Bicyclist on a crossing

Saturation Flow, Bicycles and E-scooters - Rethinking the PCU Concept

Technical director at ARCADIS and UK Operational Traffic Modelling Community of Practice, David Carrignon and his team have joined their forces with Aimsun and GoodVision to publish their paper at the European Transport Conference 2021. We are summing up to you the steps they took in the research and its major outcomes. If you want to go deeper in the topic, you can find the full version of the Paper here.



Nowadays, we see globally that bicycles and e-scooters are more and more present on road networks. Adequate infrastructure must be developed, and traffic modelling tools must be adapted to design and assess cycle infrastructure for two-wheelers. At the moment, when calculating saturation flows, the specific characteristics of bicycles and e-scooters are ignored, preventing modellers from assessing the suitability of the design for active travel. What is more, Connected and Autonomous Vehicles (CAVs) have emerging certification processes that will rely on traffic simulation. All this inevitably brings the need for further development in the field.

Learn more about Saturation Flows in GoodVision Video Insights


To respond to the above requirements, an upgrade of the saturation flow survey method has been proposed by David’s research team. This method should enable the measurements of traffic flow characteristics in heterogeneous traffic conditions, taking into consideration ‘’narrow vehicles’’ (bicycles and e-scooters). 

Bi-Cycle Unit (BCU) versus Passenger-Car Unit (PCU)

The authors wanted to remain consistent with existing calculation methods, to enable the transfer of information between various modelling scales and characterise traffic conditions for cyclists and e-scooters. Bi-Cycle Unit (BCU) was introduced as a new vehicle unit. It is equivalent to the PCU metric, with the addition of a speed parameter. The idea behind this was to consider the impact of speed differences. 

Vehicle Type PCU Value(length-based)
Motor Cycle 0.4
Passenger Car 1.0
Light Goods Vehicles (LGV) 1.0
Medium Goods Vehicles (MGV) 1.5
Buses and Coaches 2.0
Heavy Goods Vehicles 2.3


Vehicle Type 

BCU Value* (footprint based)

Pedal Cycle 0.2
Kick Scooters and E-Scooters 0.1
*includes a speed adjustment parameter

As you well know, traffic saturation flow is the maximum flow rate that can go through a road segment if only geometric limitations are taken into account. This value is a critical parameter in the calculation of road capacity. In the late 2000s, bicycle traffic became more and more prevalent on London (UK) roads and, in order to consider these new traffic conditions, in 2009 authors decided to measure the impact of two-wheelers as if they were an environmental constraint to car capacity. However, they soon realized one major drawback of this method. The fact that it introduces a variable element to the saturation flow calculation in order to account for two-wheelers on the road.

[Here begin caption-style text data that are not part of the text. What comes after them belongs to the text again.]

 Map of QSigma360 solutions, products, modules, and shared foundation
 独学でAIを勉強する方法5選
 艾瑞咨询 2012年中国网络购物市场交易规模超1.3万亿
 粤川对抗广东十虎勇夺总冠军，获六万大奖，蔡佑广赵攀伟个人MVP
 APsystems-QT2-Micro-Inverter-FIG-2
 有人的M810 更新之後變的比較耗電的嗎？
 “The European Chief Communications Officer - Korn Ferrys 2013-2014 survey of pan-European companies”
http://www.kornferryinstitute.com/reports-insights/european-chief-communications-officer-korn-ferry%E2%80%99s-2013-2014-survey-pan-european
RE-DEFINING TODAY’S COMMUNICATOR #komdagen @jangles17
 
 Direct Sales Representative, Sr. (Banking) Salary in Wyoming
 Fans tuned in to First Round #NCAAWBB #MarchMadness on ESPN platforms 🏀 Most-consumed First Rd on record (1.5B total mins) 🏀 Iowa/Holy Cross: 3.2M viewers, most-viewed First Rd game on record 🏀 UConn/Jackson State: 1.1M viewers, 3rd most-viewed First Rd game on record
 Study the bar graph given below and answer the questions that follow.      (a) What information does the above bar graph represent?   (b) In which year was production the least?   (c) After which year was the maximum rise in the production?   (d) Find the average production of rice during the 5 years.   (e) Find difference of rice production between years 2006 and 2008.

It was clear to the research team that such methodology needed to be reconsidered, mainly because of 3 major changes taking place: 

  1. New AI methods enable the automated processing of video surveys with a much higher degree of accuracy nowadays. Such methods can process considerably larger video samples with consistent data collection and vehicle type classification.
  2. e-scooters are on trial on UK streets and although they have been recently banned by TfL on the public transport network due to safety reasons, they are expected to be regulated and become street legal in the near future. This new mode of transport will create an increased demand for bicycle facilities and the updated future regulation is expected to require them to use the road and not ride on pavements. 
  3. Microsimulation tools are being used to provide background traffic for the simulation and possible certification of CAVs. It is therefore important to improve methods of analysing the interactions between two-wheelers with traditional traffic and the impact they have on flow. 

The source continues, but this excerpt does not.